Das Zentrum der Gruppe nimmt das Naturschutzgebiet Parc National des Ecrins ein.

Die Hochgebirgswelt um den Mont Pelvoux (3914 m) zählt zu den stilleren Alpengebieten Frankreichs.

Zu Recht werden die Gipfel im zentralen Pelvouxmassiv als wildester teil der Alpen bezeichnet.

'' Diese Gegend enthält die höchsten Berge und einige der schönsten Landschaften Frankreichs...

ihre Klippen, Bergströme und Schluchten sind unvergleichlich, ihre tiefen und wilden Täler bieten kühne und selbst erhabene Schauspiele dar, und was die Kühnheit der Bergformen

betrifft, so hält sie mit jeder anderen Landschaft den Vergleich aus...''

schrieb der englische Zeichner und spätere Matterhornbezwinger Edward Whymper.

Wurden die bekanntesten Berge - der Mont Pelvoux und die Barre des Ecrins - bereits um die

Mitte des vorigen Jahrhunderts bestiegen ( die Barre des Ecrins 1864 im Jahr vor dem Matterhorn durch Edward Whymper ), so waren die Felsabbrüche der Grand Pic de la Meije erst zwanzig Jahre später das Ziel mehrerer österreichischer Bergsteiger.Emil Zsigmondy, einer der

hervorragendsten Alpinisten seiner Zeit, dem wir auch eine andere anschauliche Beschreibung

der Pelvouxberge verdanken, stürzte 1885 nach einem Seilriß in der Meije-Südwand zu Tode;

erst 1912 gelang einer anderen österreichischen Seilschaft die Durchkletterung der dunklen Wand.

LÄRCHENWÄLDER UND ORCHIDEENWIESEN

Die Flora des Ecrins-Nationalparks unterscheidet sich stark von derjenigen der französischen

Nordalpen: Die Nadelbäume sind vorwiegend durch Lärchen vertreten, die man oft in Höhen bis zu 2400 m findet.
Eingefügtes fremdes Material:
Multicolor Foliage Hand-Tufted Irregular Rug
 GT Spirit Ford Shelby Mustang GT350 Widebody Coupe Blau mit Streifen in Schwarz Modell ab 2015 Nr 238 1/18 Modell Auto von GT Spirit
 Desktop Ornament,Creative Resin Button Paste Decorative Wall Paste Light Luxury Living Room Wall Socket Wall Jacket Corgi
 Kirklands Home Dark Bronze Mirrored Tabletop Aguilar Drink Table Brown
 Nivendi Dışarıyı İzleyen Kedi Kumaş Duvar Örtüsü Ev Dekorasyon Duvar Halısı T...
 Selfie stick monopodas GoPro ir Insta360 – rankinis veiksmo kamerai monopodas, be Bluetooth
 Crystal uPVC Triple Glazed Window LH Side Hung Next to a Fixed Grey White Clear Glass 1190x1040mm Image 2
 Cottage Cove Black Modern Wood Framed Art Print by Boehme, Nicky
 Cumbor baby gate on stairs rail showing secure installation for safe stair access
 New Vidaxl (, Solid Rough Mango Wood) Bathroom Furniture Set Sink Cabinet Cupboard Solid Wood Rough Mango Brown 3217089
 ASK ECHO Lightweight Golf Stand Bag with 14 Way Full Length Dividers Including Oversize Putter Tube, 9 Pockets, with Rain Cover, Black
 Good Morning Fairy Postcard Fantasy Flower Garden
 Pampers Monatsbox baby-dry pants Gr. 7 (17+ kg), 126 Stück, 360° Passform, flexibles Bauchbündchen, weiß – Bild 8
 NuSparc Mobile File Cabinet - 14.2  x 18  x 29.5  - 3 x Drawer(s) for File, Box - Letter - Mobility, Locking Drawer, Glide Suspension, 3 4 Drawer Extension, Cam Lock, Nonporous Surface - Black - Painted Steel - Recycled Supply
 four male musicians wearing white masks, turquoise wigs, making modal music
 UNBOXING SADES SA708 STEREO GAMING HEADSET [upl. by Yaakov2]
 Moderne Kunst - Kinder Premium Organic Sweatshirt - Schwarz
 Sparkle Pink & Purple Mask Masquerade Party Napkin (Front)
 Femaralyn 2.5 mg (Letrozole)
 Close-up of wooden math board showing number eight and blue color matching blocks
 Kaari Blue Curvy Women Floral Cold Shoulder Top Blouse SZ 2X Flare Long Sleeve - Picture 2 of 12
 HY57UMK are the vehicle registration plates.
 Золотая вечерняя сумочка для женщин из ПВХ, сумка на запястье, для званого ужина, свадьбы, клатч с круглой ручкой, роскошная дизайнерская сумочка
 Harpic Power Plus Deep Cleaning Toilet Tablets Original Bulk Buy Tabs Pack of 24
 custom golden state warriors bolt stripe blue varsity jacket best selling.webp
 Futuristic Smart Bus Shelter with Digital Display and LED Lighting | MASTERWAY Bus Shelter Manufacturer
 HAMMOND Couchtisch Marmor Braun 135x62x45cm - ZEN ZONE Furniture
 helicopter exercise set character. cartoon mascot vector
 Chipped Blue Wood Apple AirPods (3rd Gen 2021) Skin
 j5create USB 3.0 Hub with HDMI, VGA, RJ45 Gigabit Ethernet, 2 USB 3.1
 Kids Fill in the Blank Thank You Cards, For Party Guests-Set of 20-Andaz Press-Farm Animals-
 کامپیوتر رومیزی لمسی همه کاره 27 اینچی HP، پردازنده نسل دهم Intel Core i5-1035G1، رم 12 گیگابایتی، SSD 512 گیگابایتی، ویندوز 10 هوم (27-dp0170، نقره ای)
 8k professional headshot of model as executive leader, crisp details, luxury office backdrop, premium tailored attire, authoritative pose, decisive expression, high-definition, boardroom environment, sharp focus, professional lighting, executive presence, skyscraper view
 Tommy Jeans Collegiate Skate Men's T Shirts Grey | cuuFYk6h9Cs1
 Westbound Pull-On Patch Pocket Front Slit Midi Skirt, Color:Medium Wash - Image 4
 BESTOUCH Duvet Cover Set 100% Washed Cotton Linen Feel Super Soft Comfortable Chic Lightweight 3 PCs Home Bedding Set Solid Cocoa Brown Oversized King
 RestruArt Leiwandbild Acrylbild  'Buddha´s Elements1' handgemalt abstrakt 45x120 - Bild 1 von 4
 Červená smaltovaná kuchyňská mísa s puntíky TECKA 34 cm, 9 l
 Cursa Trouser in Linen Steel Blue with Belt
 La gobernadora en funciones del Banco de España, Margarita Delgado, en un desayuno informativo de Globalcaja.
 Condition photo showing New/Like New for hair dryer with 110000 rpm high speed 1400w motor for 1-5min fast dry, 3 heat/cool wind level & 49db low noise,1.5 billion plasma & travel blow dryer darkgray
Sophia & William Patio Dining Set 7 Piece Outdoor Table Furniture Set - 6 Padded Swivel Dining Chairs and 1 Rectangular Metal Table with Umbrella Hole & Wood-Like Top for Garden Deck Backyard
An den Schattenseiten stehen Buchen und Fichten, die der Sonne

ausgesetzten Südflanken weisen, wenn überhaupt, nur spärlichen Bewuchs auf - Kiefer,

Buchsbaum und Wacholder, denen die Trockenheit nicht viel anhaben kann, sind hier die

häufigsten Pflanzen. Von den wenigen, meist schlagartig einsetzenden, heftigen Regenfällen

wird viel Boden fortgespült, vor allem an den kahlen Hängen der Almregion.

In den Höhenlagen der Pelvouxgruppe findet man eine erstaunliche, oft geradezu überwältigende mediterrane Blütenpracht: Goldregenbäume, duftende Narzissen-und

Orchideenfelder bedecken die flacheren Hochböden, und die Verbreitung einer Reihe von Pflanzen sind ausschließlich auf diesen südlichen Alpenteil beschränkt ( wie z.B. die gelben

Blüten der Berardia lanuginosa oder das Zwergsträuchlein Alyssum alpestre, Alpensteinkraut);

Alchemillen (Alpenfrauenmantel) und die weißen Blüten der Paradieslilie (Liliastrum paradisia)

wachsen oft zu Zehntausenden nebeneinander.

Am Col du Lautaret (2058 m) gibt es übrigens einen Alpengarten, in dem die meisten Pflanzen auf kleinstem Raum zu finden sind.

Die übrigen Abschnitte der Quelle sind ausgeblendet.